In Washington, Ugandan Ambassador Edith Grace Ssempala explained: “Our president’s primary goal was to build a nation, and he needed everyone to be part of it. At one time, he had 72 government ministers. People asked him how he could afford this, and he said: ‘It’s cheaper than fighting a war.’
“You see,” said Mrs. Ssempala, “all the countries that came out of colonialism were distorted. People in our part of the world did not think about solving problems until now. Yoweri Museveni was the first leader who had the capacity and the will to change.”
My formal meeting with Mr. Museveni came at 1 a.m. on a warm June night as he sat behind a long, shiny, 20-foot-long wooden table. He was as brightly alert as if it were noon.

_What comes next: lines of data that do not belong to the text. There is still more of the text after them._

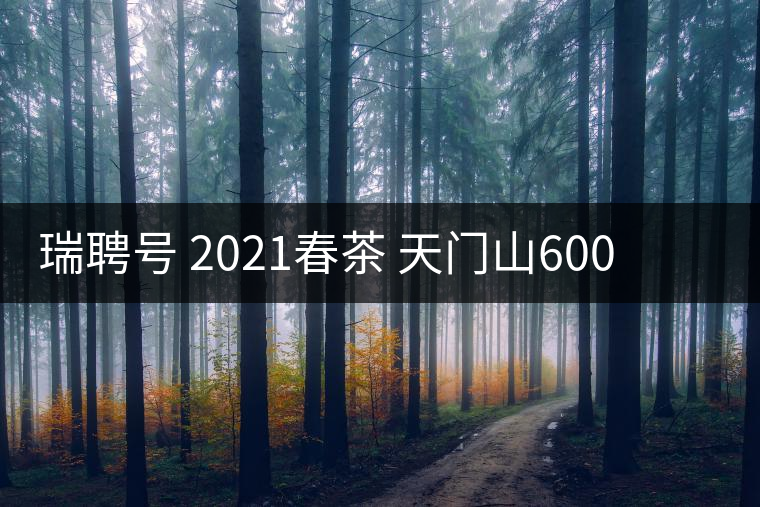 瑞聘號 2021春茶 天門山600 頭春古樹口感怎么樣？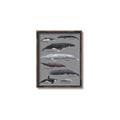 Picture of Shark chart _GroupedProduct_Rectangle_Portrait_Mini_ _GroupedProduct_Rectangle_Portrait_Canvas_Framed_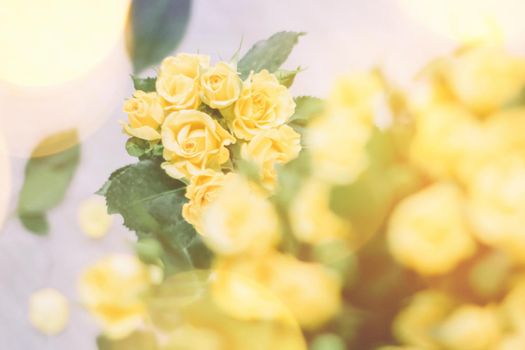 bouquet of yellow roses in sunlight - springtime, mother's day and holiday styled concept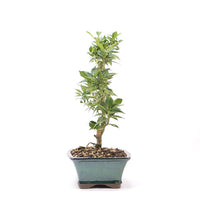 Bitterorange 'Citrus myrtifolia'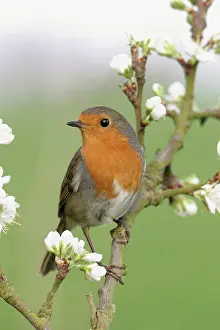 Plums: Robin - On plum blossom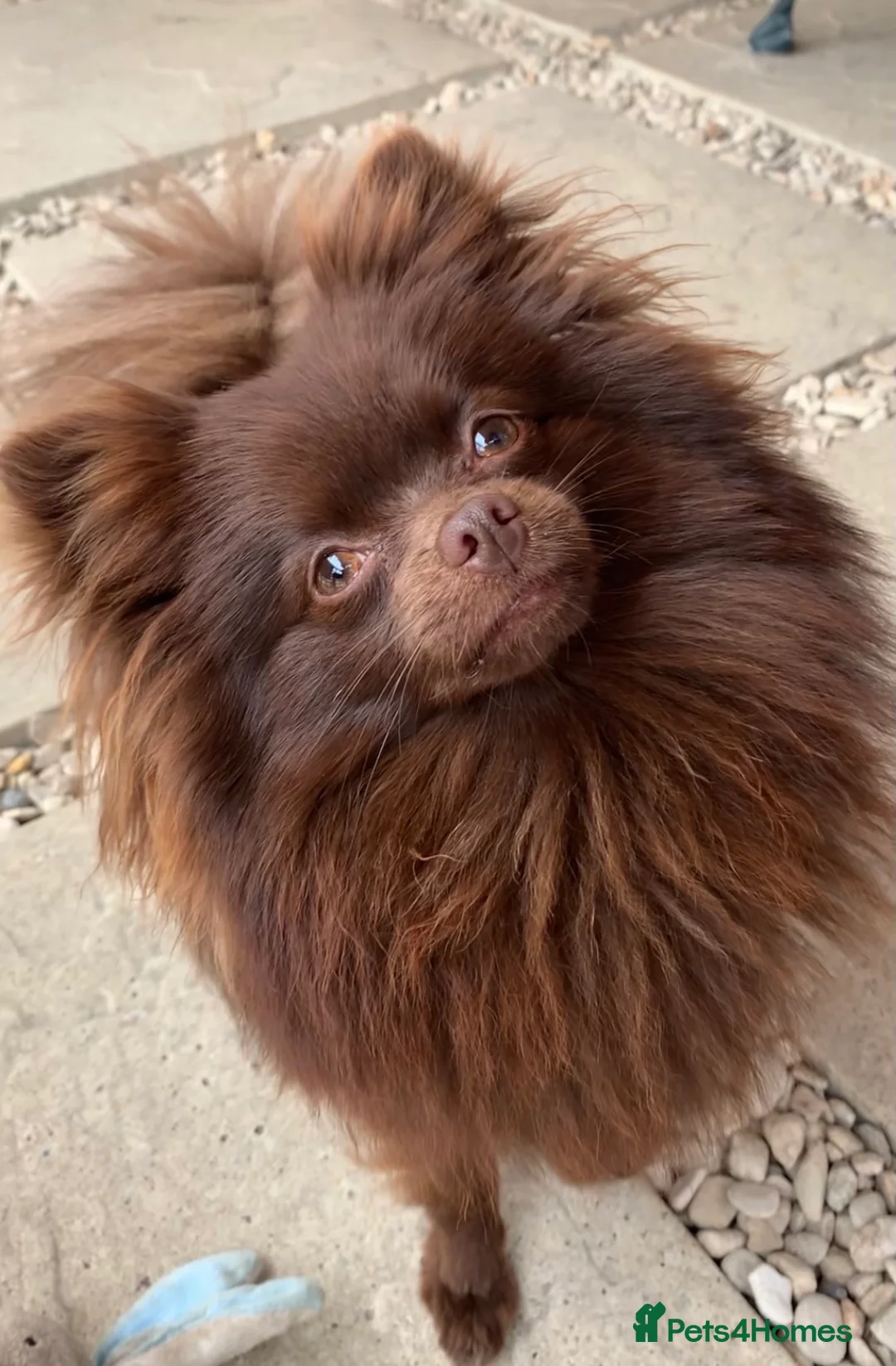 Pomeranian dogs for sale: Teddy bear face female pomeranian - Advert 1
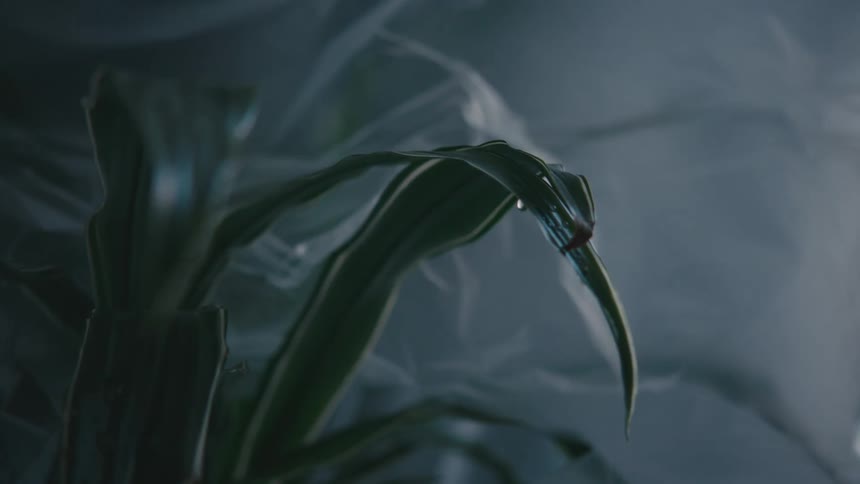 The plants in the wind on a foggy night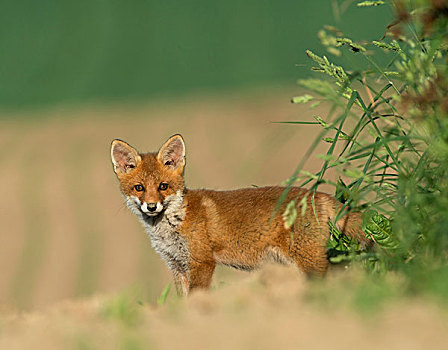 幼兽,红狐,狐属,莱茵兰普法尔茨州,德国,欧洲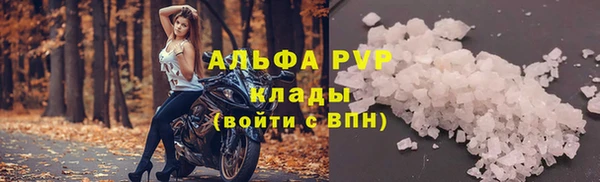сатива Бородино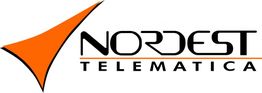 Logo di Nordest Telematica con un triangolo arancione stilizzato.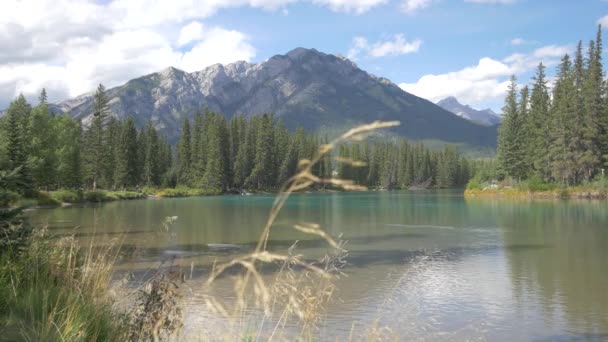 River Foothills Banff National Park — Stock video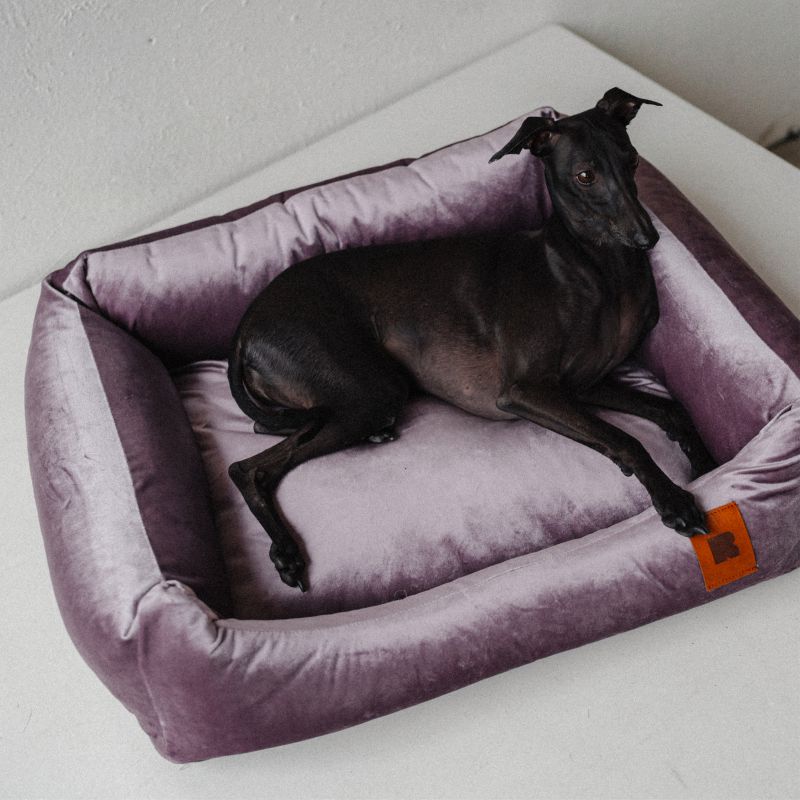 REDANT zamatový dog bed VELVET fialový - Size: S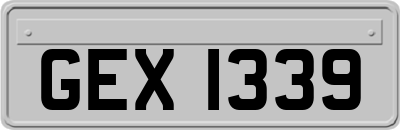 GEX1339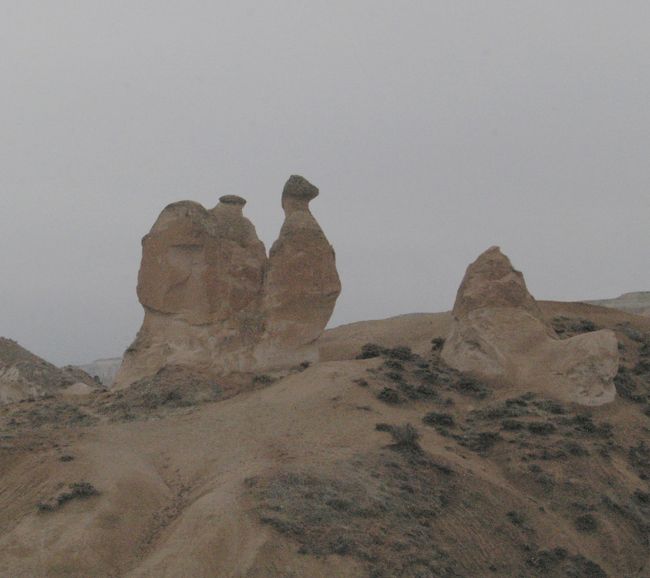 自然の奇観。ラクダ。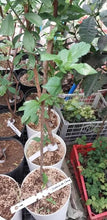 Ukrainian Cherry, grafted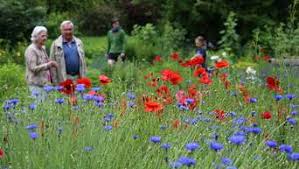 Liebe gartenfreunde, wir arbeiten derzeit unter hochdruck daran, alle gärten online zu schalten. Tag Des Offenen Gartens 2019 Im Landkreis Gottingen Gottingen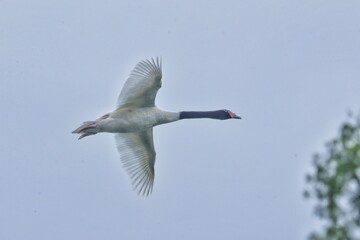black headed gull in flight
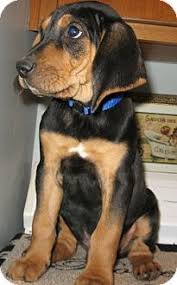 Black And Tan Hound Dog New York Ny Black And Tan Coonhound Mix Meet An Avalanche Of Hounds A Puppy For Adoption Kitten Adoption Puppy Adoption Coonhound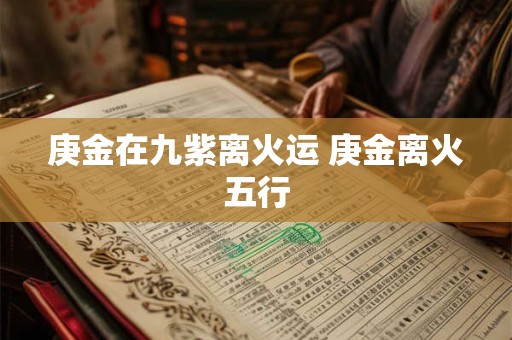 庚金在九紫离火运 庚金离火五行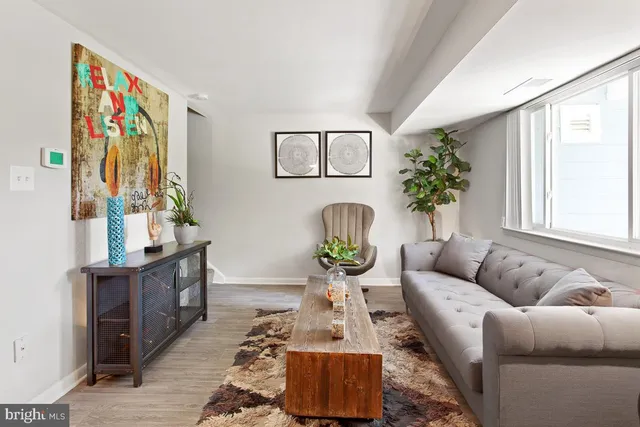 a living room with furniture and a potted plant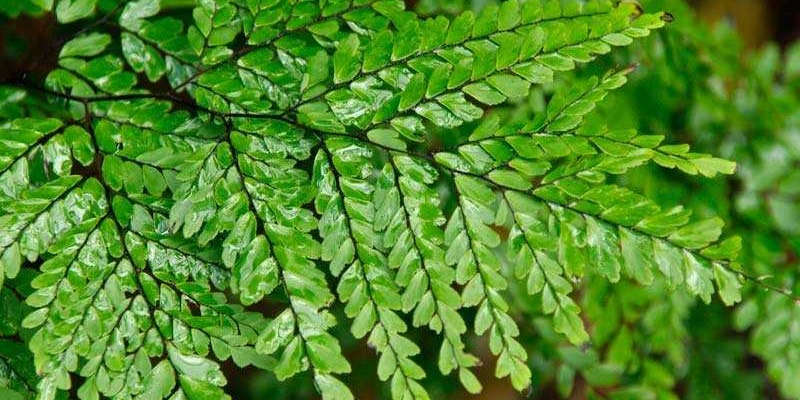 Гарний сорт адіантуму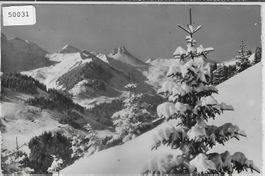 Adelboden - Hörnliweg im Winter - Photo: E. Gyger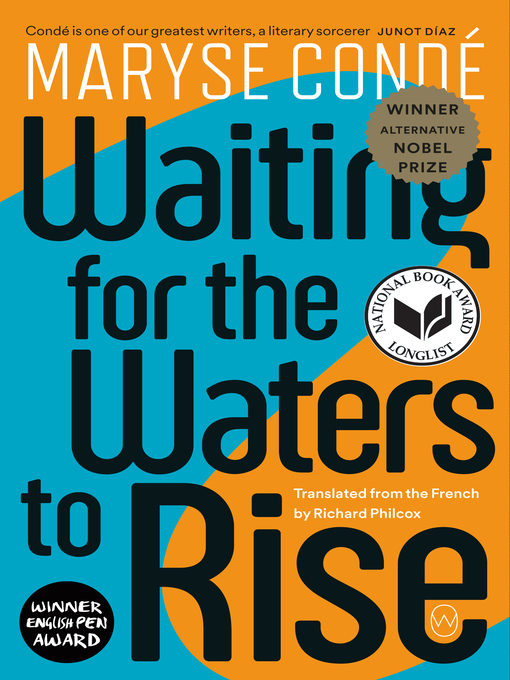 Cover image for Waiting for the Waters to Rise
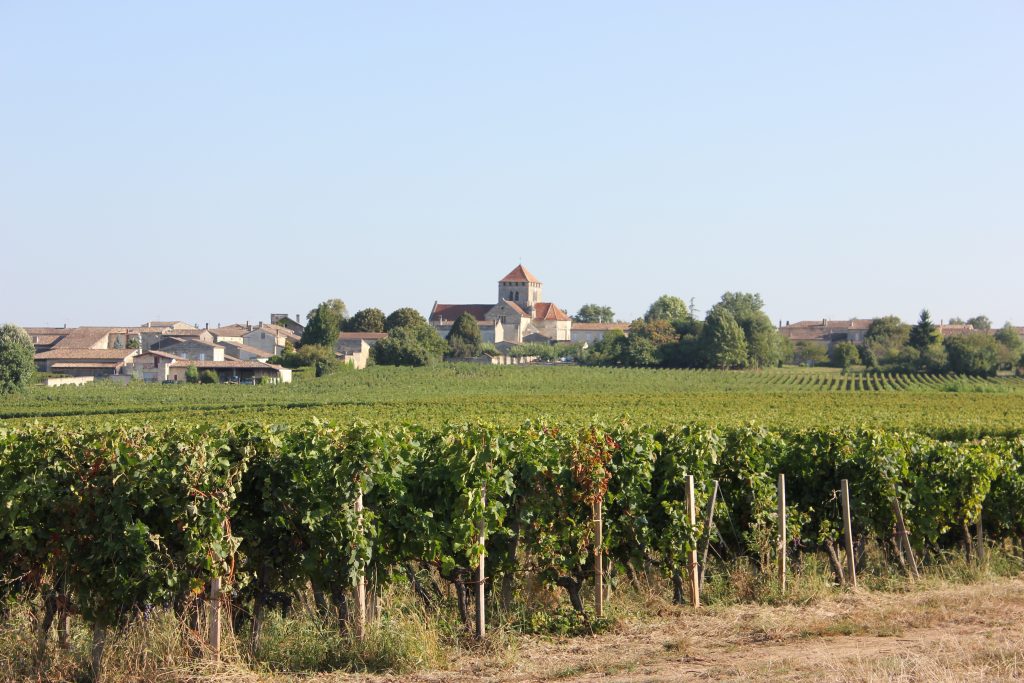 wine tasting bike tour through france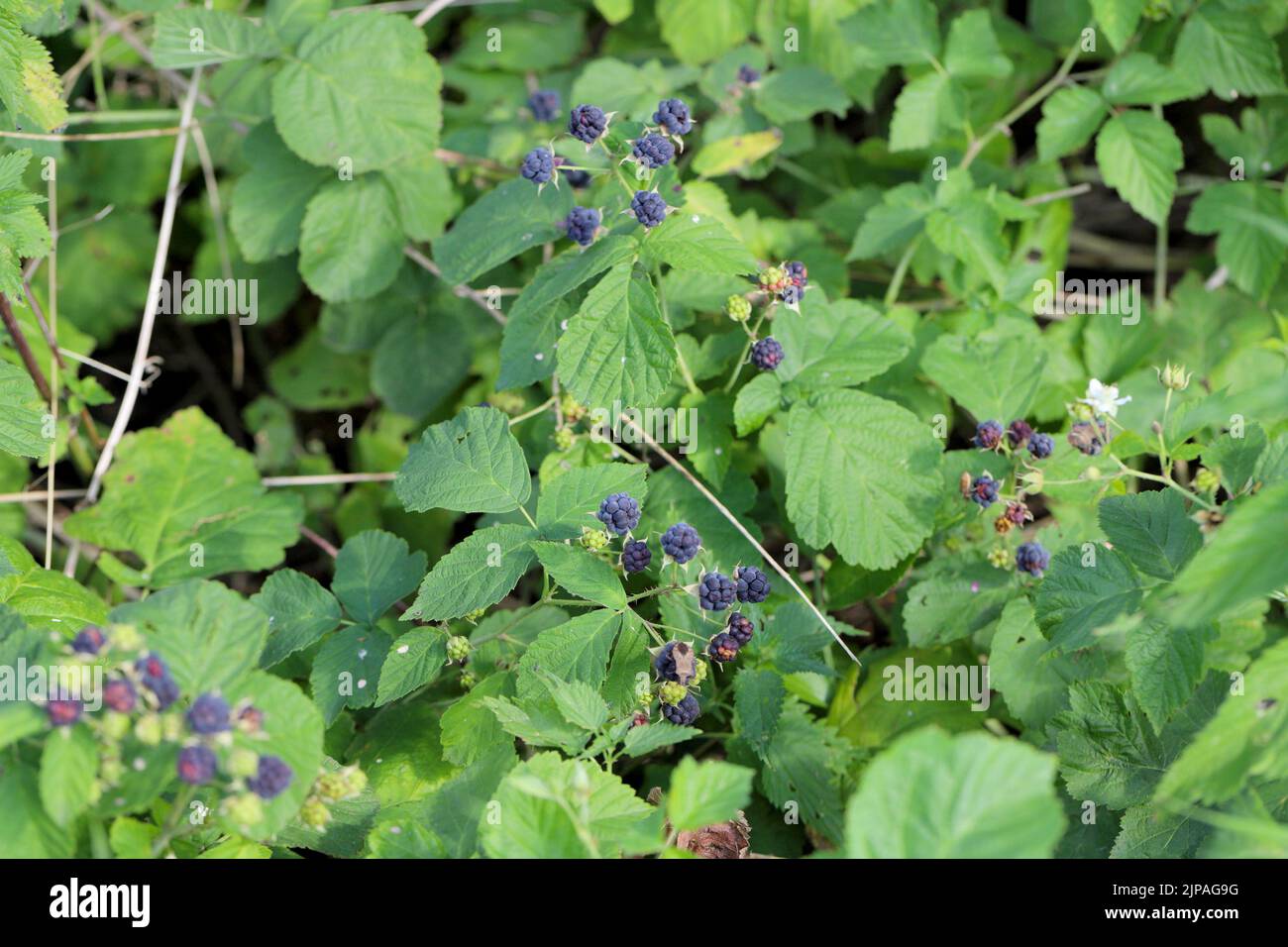 European Dewberry (Rubus caesius). Fruit on shrubs in summer. Stock Photo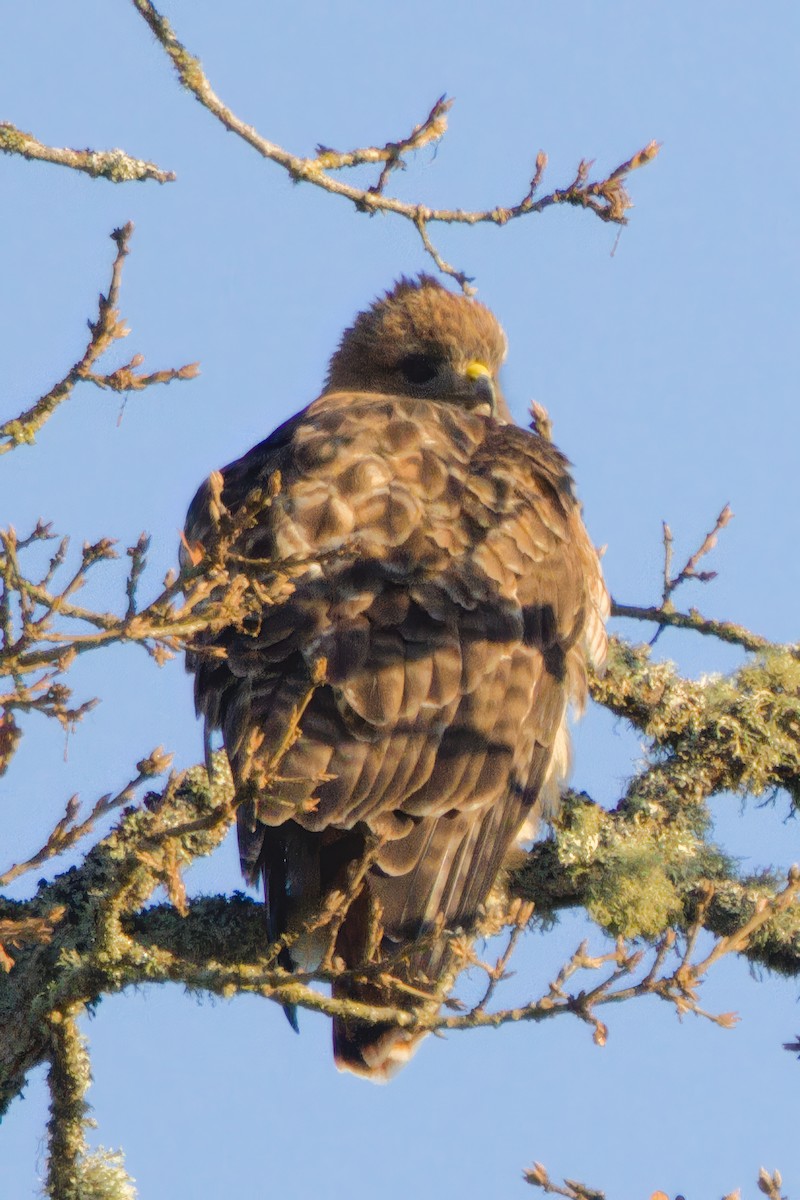 Red-tailed Hawk - ML647007217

A good-looking man, slightly balding, with an athlete’s solid, square body, the president had the commanding manner of an African chieftain, somehow modernized and democratized, and the curious, darting eyes of the intellectual who needed to know everything.
‘Freedom fighter’
“I am an African freedom fighter,” he began, his quick eyes shining, “fighting both external and internal negative factors. That is my base.”
But freedom fighters rarely know much about economics, and he had put Uganda on the map by overseeing an average 6.5 percent growth rate during the 10 years that he has officially been president. Fifty-two percent of his budget — $823 million in 2003-04 — comes from Western donor countries and institutions in a “development partnership” with the West to finance education, infrastructure, and the reduction of HIV/AIDS from afflicting 30 percent of the population to 6 percent.